_TASK_
Pictures are to be omitted; everything else in the data must be transcribed exactly.

_PROVIDED DATA_
==============================

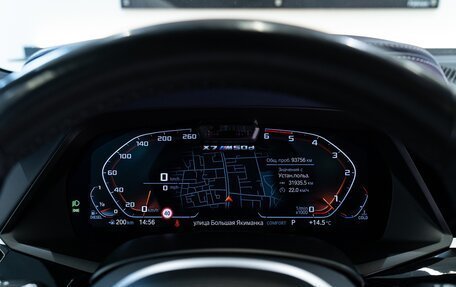 BMW X7, 2019 год, 8 500 000 рублей, 11 фотография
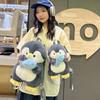Plush Toy Children School Bag Plush Animal Shoulder Bag Creative Penguin Backpack Students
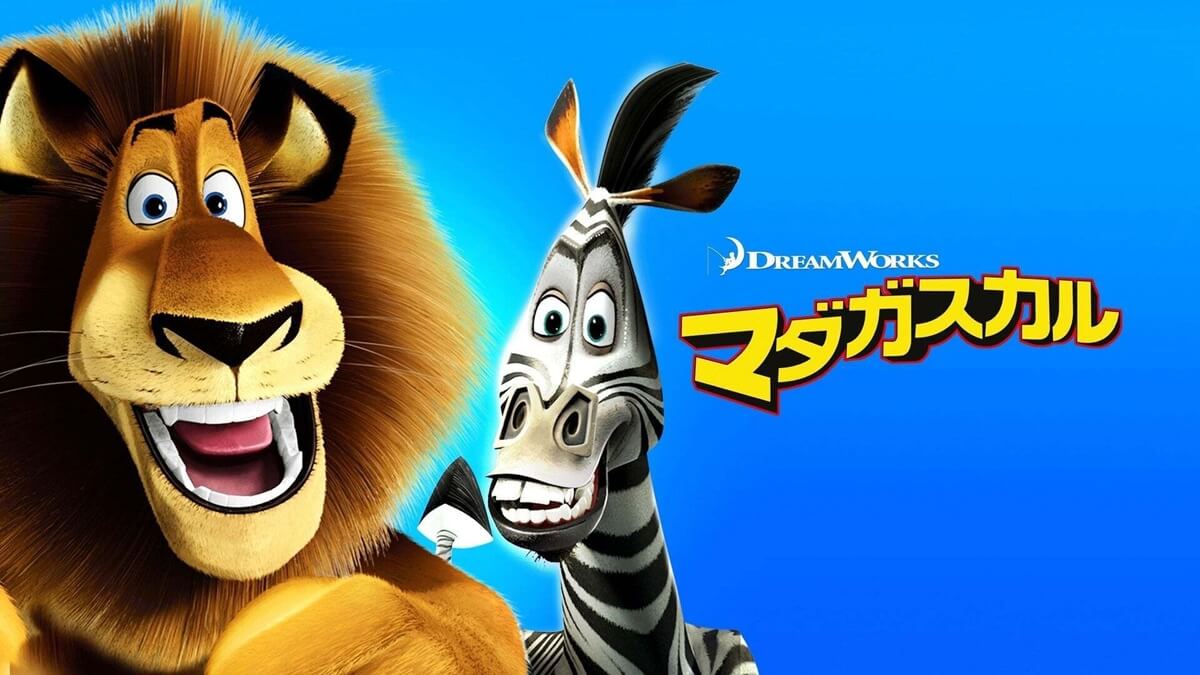 『マダガスカル』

==============================

_ANSWER SPACE_
 BMW X7, 2019 год, 8 500 000 рублей, 11 фотография
Plush Toy Children School Bag Plush Animal Shoulder Bag Creative Penguin Backpack Students
 『マダガスカル』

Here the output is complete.